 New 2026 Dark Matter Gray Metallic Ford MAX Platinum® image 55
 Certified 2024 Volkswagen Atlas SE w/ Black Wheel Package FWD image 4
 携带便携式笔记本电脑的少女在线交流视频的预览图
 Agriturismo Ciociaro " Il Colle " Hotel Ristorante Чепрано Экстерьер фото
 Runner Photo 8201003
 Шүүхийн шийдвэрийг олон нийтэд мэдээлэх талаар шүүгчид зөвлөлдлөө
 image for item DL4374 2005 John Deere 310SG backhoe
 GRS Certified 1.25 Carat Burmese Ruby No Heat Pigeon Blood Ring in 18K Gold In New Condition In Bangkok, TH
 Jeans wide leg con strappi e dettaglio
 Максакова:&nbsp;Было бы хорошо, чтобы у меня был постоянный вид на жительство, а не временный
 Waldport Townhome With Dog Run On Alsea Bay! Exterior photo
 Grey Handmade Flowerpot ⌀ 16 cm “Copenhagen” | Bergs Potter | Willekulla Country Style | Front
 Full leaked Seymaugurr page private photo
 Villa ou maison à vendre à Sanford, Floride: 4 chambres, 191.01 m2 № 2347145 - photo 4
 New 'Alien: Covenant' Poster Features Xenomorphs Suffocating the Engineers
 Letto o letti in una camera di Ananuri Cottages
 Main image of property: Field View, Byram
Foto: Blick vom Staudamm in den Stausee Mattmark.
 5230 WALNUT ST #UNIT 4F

■ ■ ■

THE TASK:
Using the listing above, copy exactly the line that contains "Full leaked Seymaugurr page private photo", the line that contains "Main image of property: Field View, Byram", and each line that falls between them.

YOUR SOLUTION:
 Full leaked Seymaugurr page private photo
 Villa ou maison à vendre à Sanford, Floride: 4 chambres, 191.01 m2 № 2347145 - photo 4
 New 'Alien: Covenant' Poster Features Xenomorphs Suffocating the Engineers
 Letto o letti in una camera di Ananuri Cottages
 Main image of property: Field View, Byram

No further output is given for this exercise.